How to improve fitting of a model for oscillatory target data.

148 views
Skip to first unread message

Andres Valdez

unread,
Mar 8, 2021, 11:20:44 PM3/8/21
to lmfit-py
I am using lmfit to determine the coefficients of a non-linear system of ODEs. Integration of the coupled Van der Pol oscillators is done using python's odeint routine.

When I fit a synthetic case everything works perfectly. When I fit a "realistic" case the fitting methods failed to improve the initial guess.

I tried to use different fitting methods like differential evolution, nelder, and leastsq, no remarkable evolution from the initial guess came out.

I am attaching two figures model_fit.png (works very good, its synthetic) and model_fit_bad.png (realistic case). I am wondering if there is any way to find good initial shoots?
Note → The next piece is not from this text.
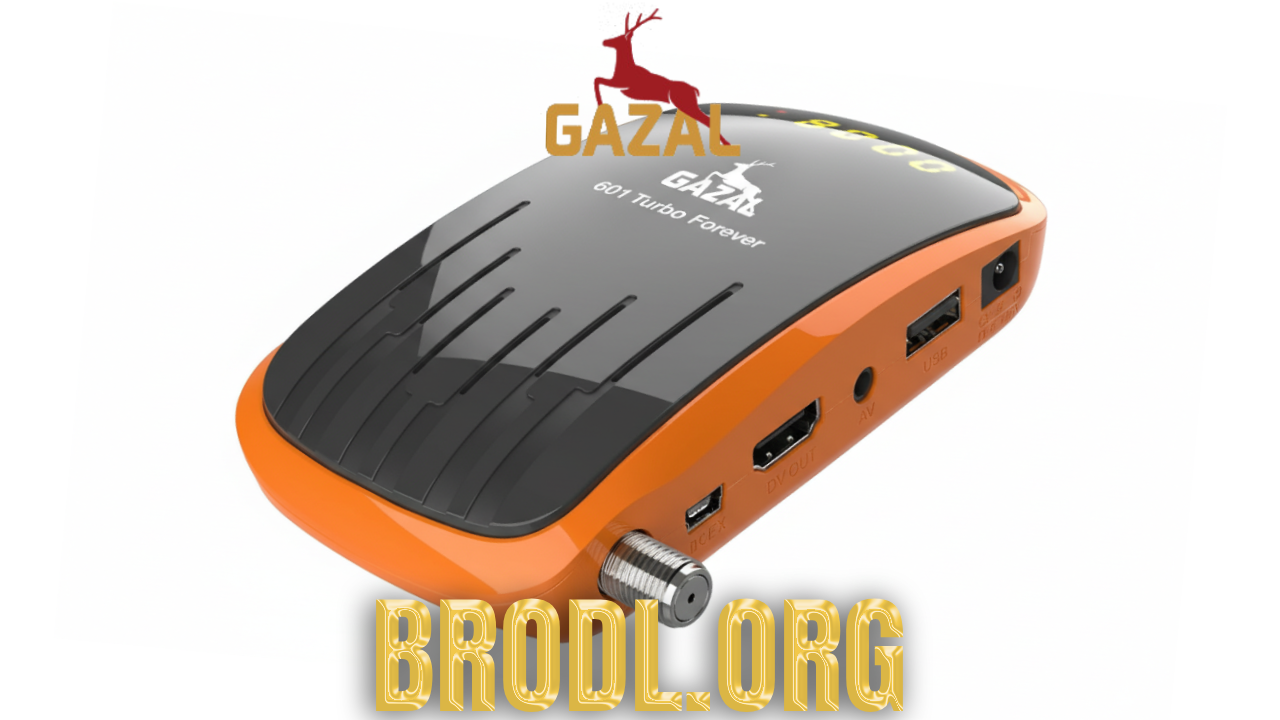 GAZAL 601 TURBO image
The function to fit combines the solution of a coupled Van der Pol system, see Figures odes.jpg and cost.jpg...

The integration of the odes was done using odeint, so I assume that implementation runs error-free... The synthetic case confirms it. But the realistic-case fails to improve the initial shoot.

Any advice will be very well received. Thanks




model_fit.png
model_fit_bad.png
cost.jpg
odes.jpg

Matt Newville

unread,
Mar 9, 2021, 7:59:12 AM3/9/21
to lmfit-py
You would need to show us a minimal, complete example of python code that shows the trouble to get any concrete help. Also, convince us that you have read and understood what the fit report is saying.   Finally, if values are not changing from initial values, make sure you have read https://lmfit.github.io/lmfit-py/faq.html#why-are-parameter-values-sometimes-stuck-at-initial-values

--
You received this message because you are subscribed to the Google Groups "lmfit-py" group.
To unsubscribe from this group and stop receiving emails from it, send an email to lmfit-py+u...@googlegroups.com.
To view this discussion on the web visit https://groups.google.com/d/msgid/lmfit-py/b4d9c555-9a19-4981-b63e-f6c620247bd9n%40googlegroups.com.

Andres Valdez

unread,
Mar 9, 2021, 4:43:48 PM3/9/21
to lmfit-py
Dear Matt Newville,

Following your advice let me share an excerpt of my fitting script.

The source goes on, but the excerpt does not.